*Problem to work on*: The answer must consist of each line below that contains the word "white", copied in full.

*Source records*:
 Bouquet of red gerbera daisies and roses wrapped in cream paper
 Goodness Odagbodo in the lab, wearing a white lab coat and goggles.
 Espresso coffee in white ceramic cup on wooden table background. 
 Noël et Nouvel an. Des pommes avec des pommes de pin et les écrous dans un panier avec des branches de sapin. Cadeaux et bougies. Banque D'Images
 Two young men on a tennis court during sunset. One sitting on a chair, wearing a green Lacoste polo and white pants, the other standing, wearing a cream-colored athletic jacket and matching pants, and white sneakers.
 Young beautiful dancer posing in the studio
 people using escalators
...
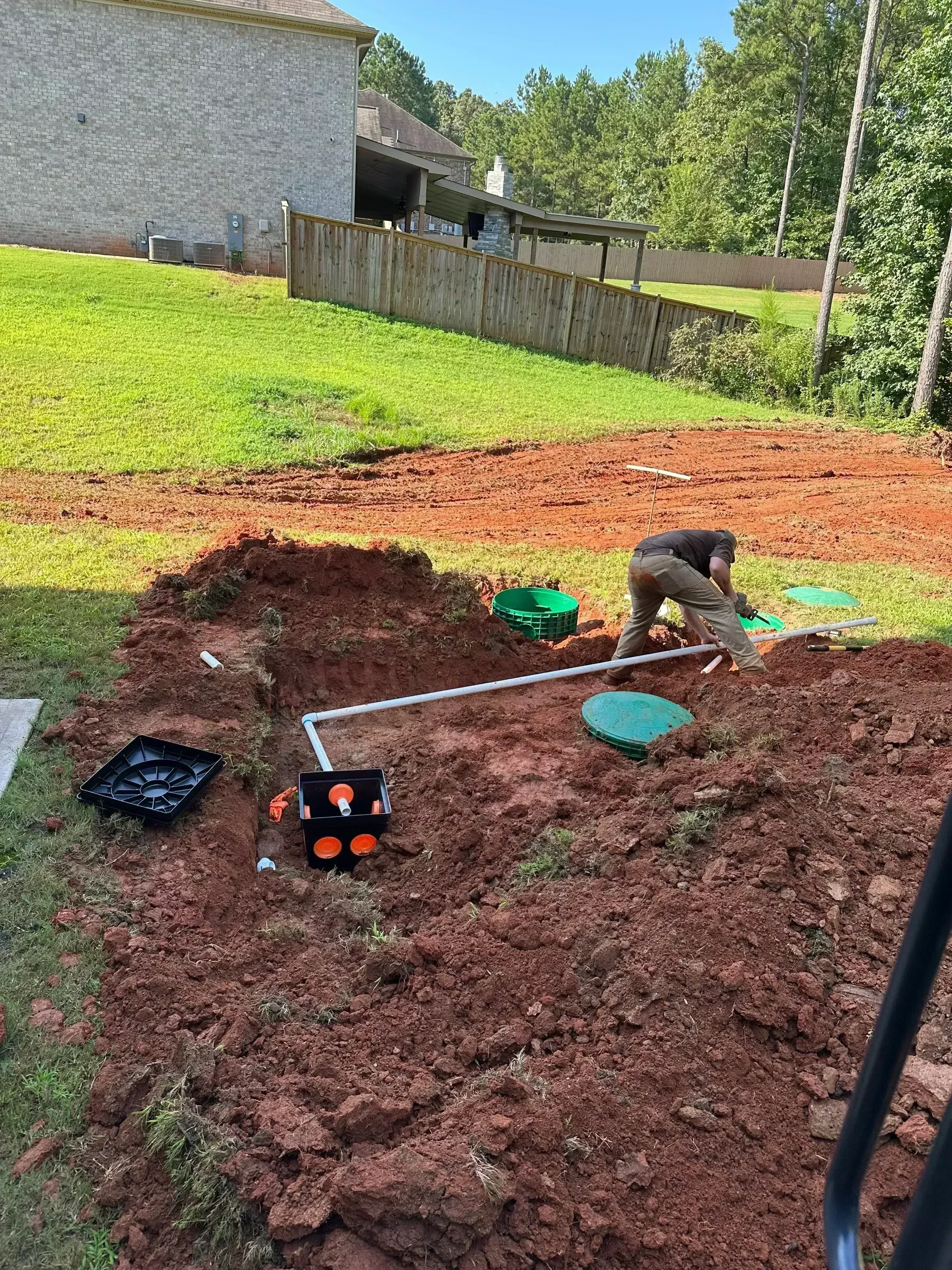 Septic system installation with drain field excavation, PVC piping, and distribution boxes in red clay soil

*Solution for this exercise*:
 Goodness Odagbodo in the lab, wearing a white lab coat and goggles.
 Espresso coffee in white ceramic cup on wooden table background. 
 Two young men on a tennis court during sunset. One sitting on a chair, wearing a green Lacoste polo and white pants, the other standing, wearing a cream-colored athletic jacket and matching pants, and white sneakers.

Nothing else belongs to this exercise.